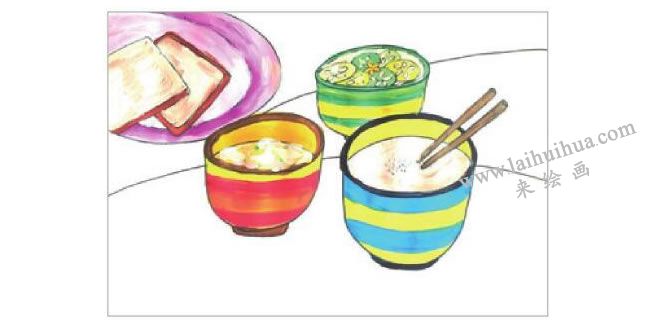 可口的早餐水粉画作画步骤03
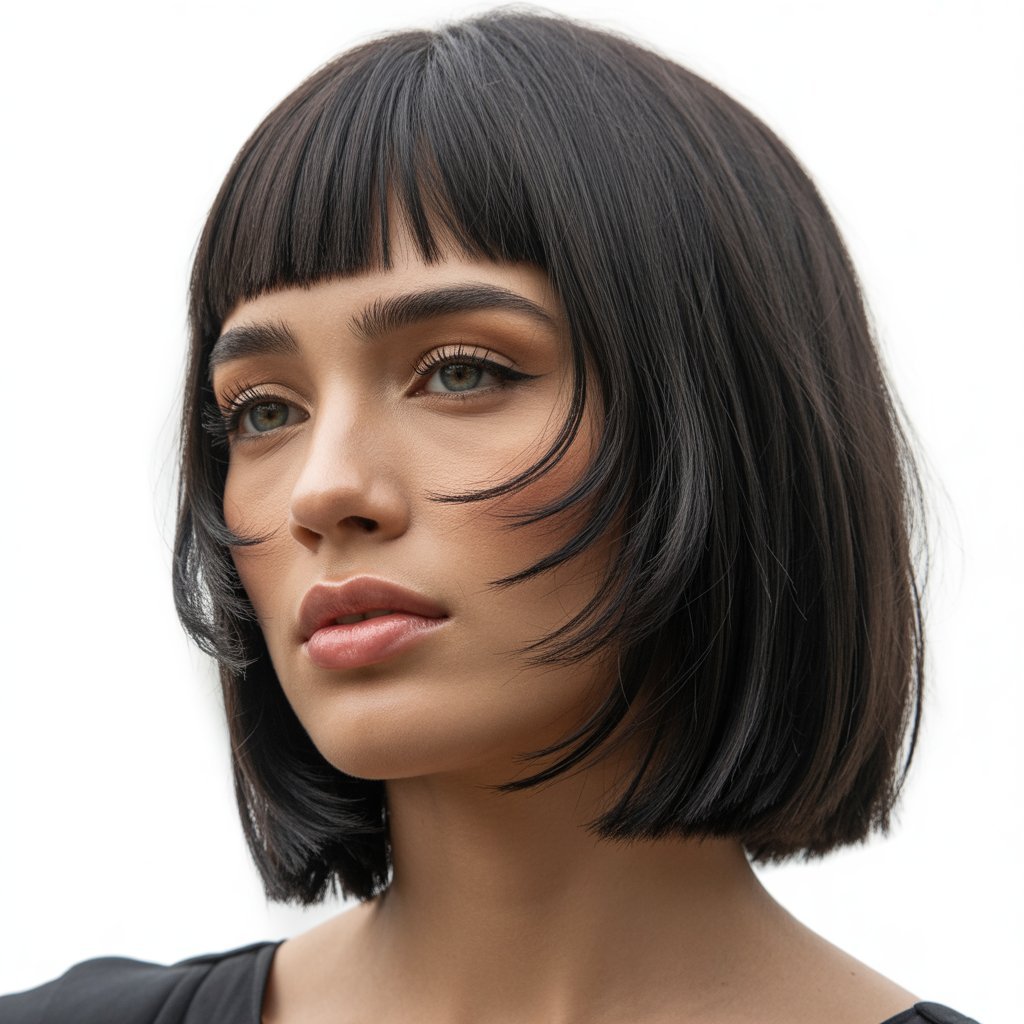 16. Long Bob with Micro Curtain Bangs
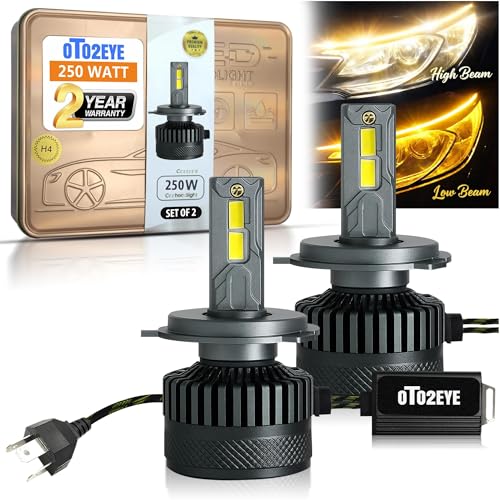 Image of OTO2EYE 250W H4 / H19 LED Headlight Bulbs for Car & Motorcycle | 25000LM | Low Beam Yellow & High Beam Yellow-White |6500K| Dual Color H4 Headlamp | Plug & Play | Pack of 2 | 2 Years Warranty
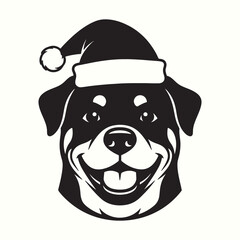Rottweiler in Christmas Santa Hat Vector Illustration Smiling Guard Dog Head Silhouette Design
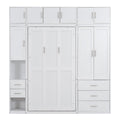 White Twin Size Murphy Bed with Lockers and Wardrobes, MDF+Pine, 93.2''L x 15.7''W x 99''H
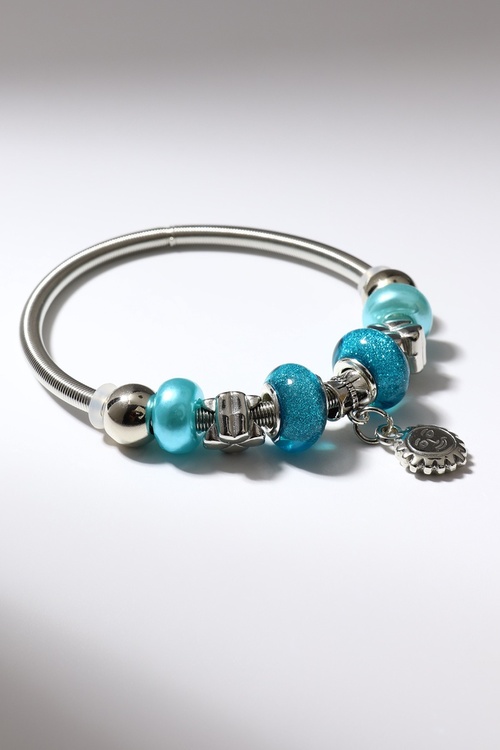 Браслет «Марджери» солнце, цвет в серебре голубой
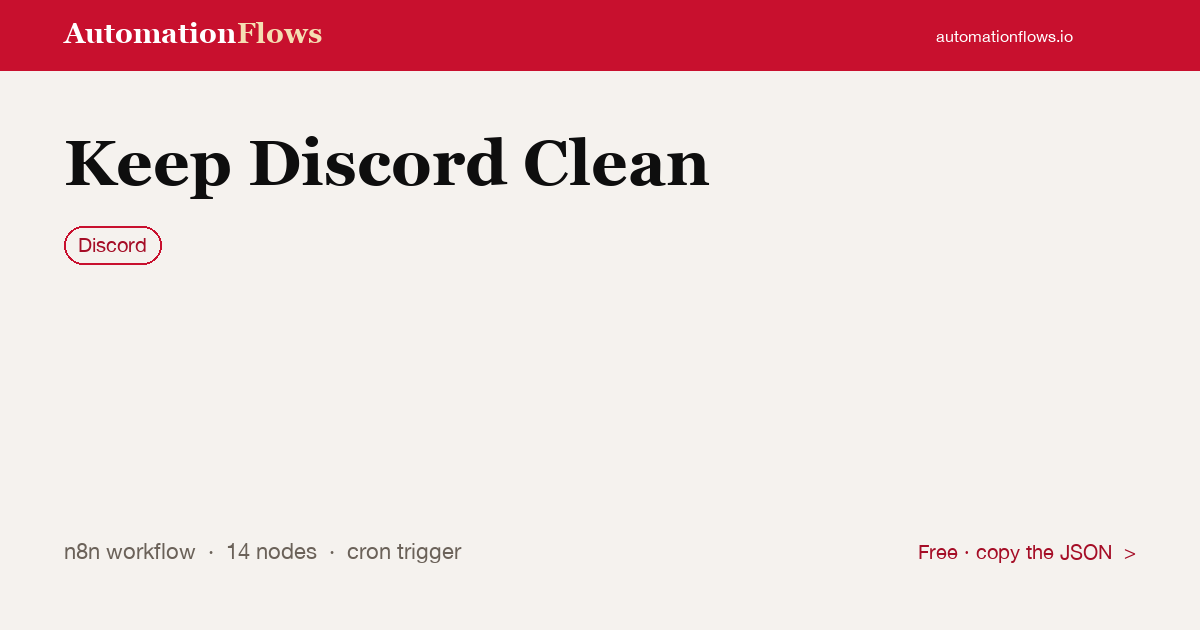 Automated Discord Channel Cleanup — n8n workflow card showing Discord integration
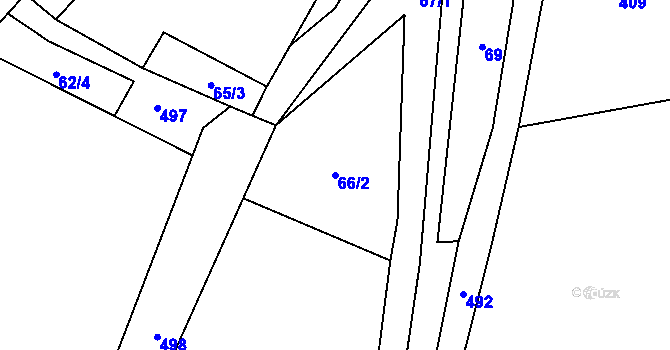 Parcela st. 66/2 v KÚ Chyška, Katastrální mapa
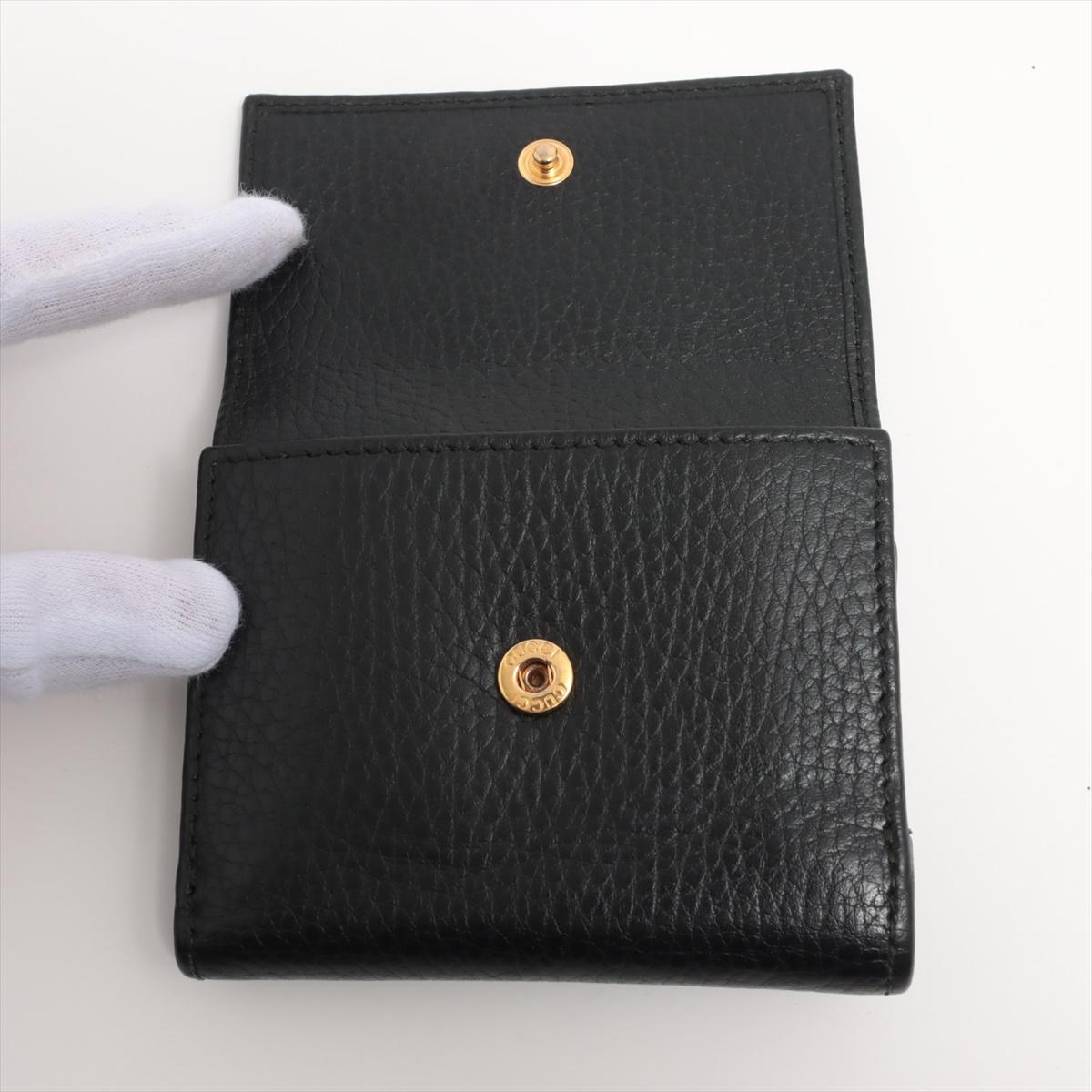 Gucci GG Marmont Leather Compact Wallet Black 2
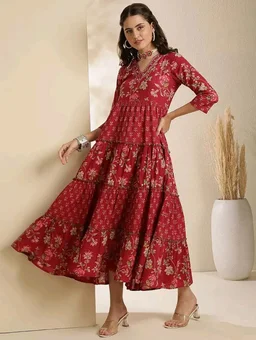 GULMOHAR JAIPUR Women's Cotton Calf Length Printed V-Neck Anarkali Kurta
- L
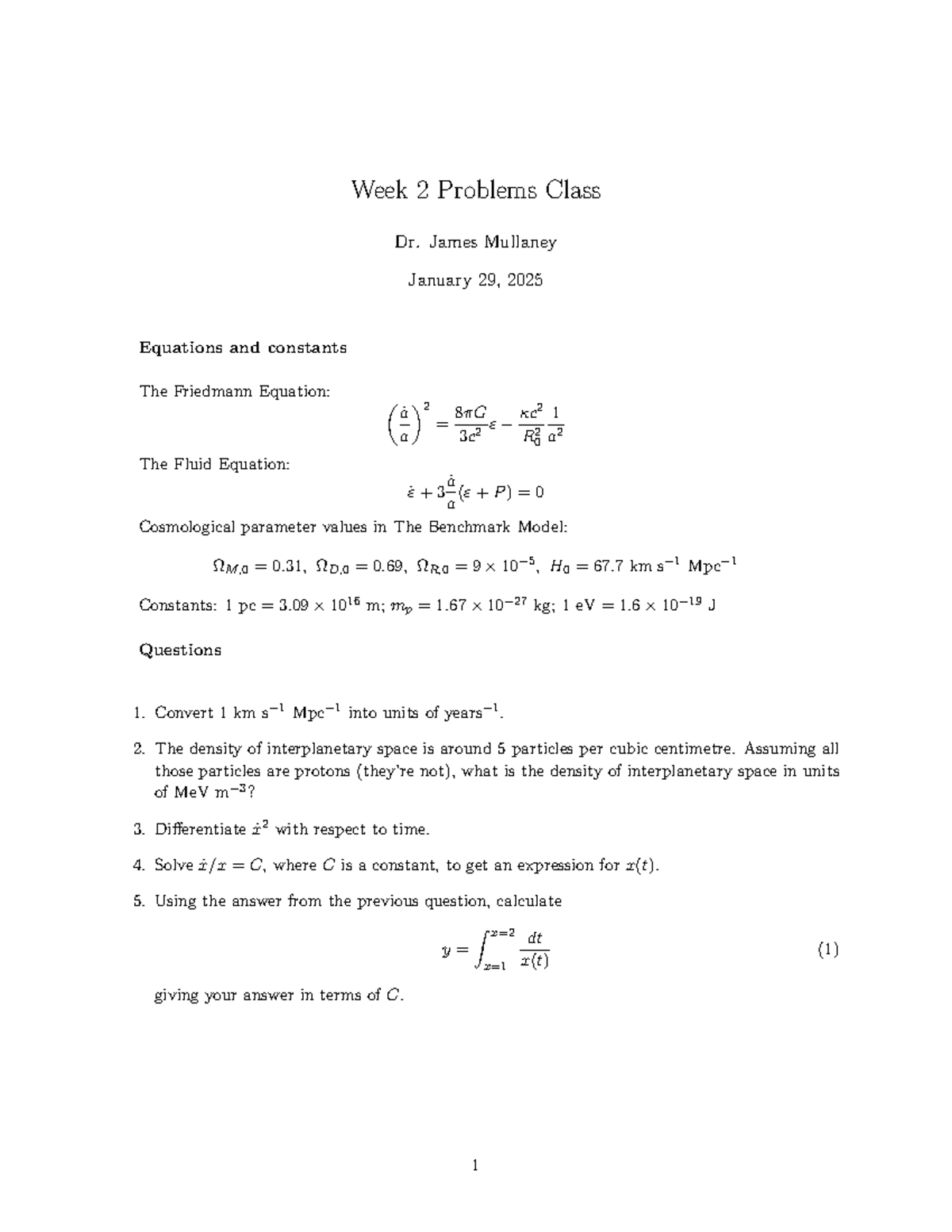 Cosmology Questions: Week 2 to Week 11 Problems (Class Dr. Mullaney ...
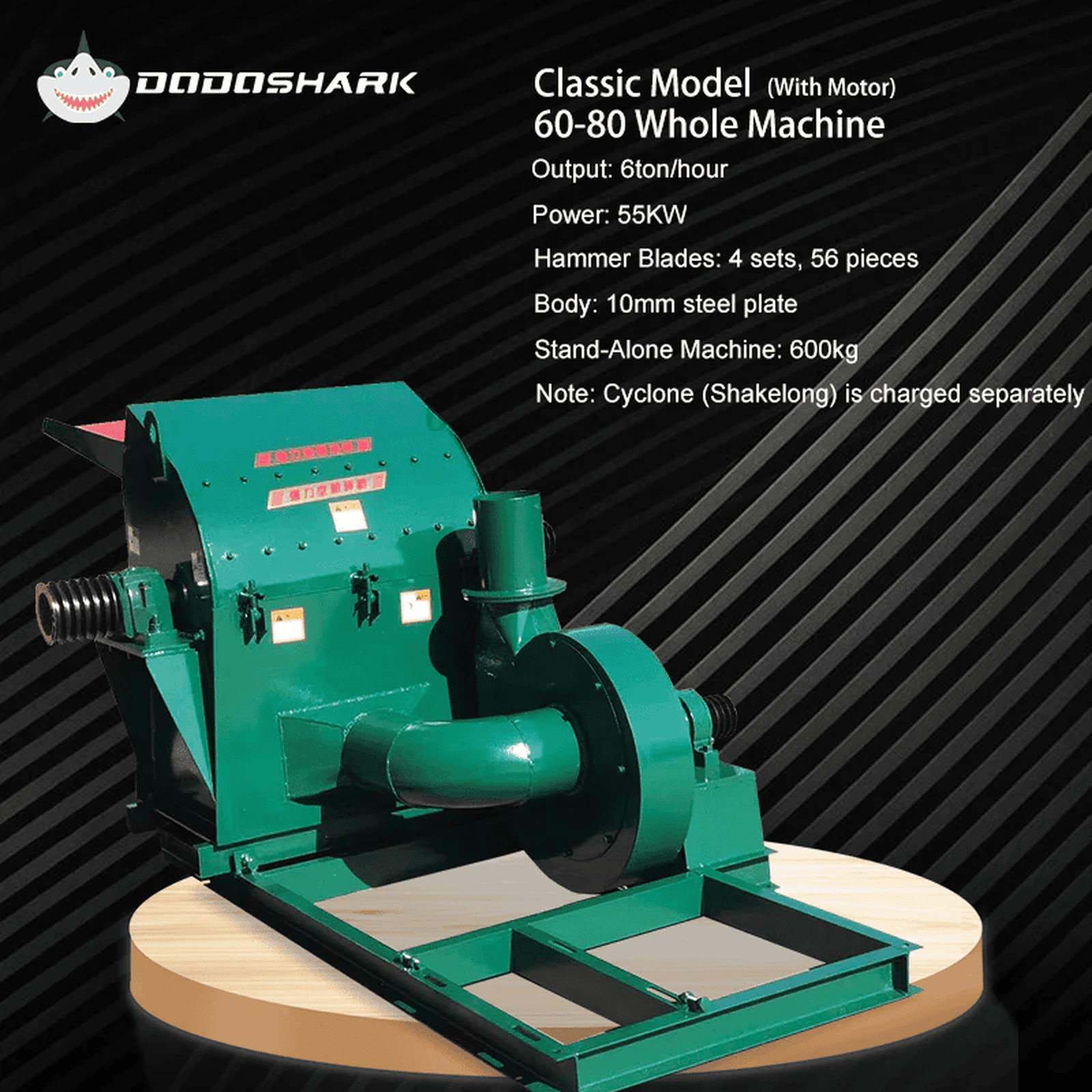 Dodoshark Industrial Hammer Mill | Commercial Grinder for Grains, Forage, Biomass - Dodoshark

» **TASK ITEM**: Could you copy every record exactly, without the pictures?

» **WRITTEN ANSWER**:
 可口的早餐水粉画作画步骤03
 16. Long Bob with Micro Curtain Bangs
 Image of OTO2EYE 250W H4 / H19 LED Headlight Bulbs for Car & Motorcycle | 25000LM | Low Beam Yellow & High Beam Yellow-White |6500K| Dual Color H4 Headlamp | Plug & Play | Pack of 2 | 2 Years Warranty
Rottweiler in Christmas Santa Hat Vector Illustration Smiling Guard Dog Head Silhouette Design
 White Twin Size Murphy Bed with Lockers and Wardrobes, MDF+Pine, 93.2''L x 15.7''W x 99''H
 Браслет «Марджери» солнце, цвет в серебре голубой
 Automated Discord Channel Cleanup — n8n workflow card showing Discord integration
 Parcela st. 66/2 v KÚ Chyška, Katastrální mapa
 Gucci GG Marmont Leather Compact Wallet Black 2
 GULMOHAR JAIPUR Women's Cotton Calf Length Printed V-Neck Anarkali Kurta
- L
 Cosmology Questions: Week 2 to Week 11 Problems (Class Dr. Mullaney ...
 Dodoshark Industrial Hammer Mill | Commercial Grinder for Grains, Forage, Biomass - Dodoshark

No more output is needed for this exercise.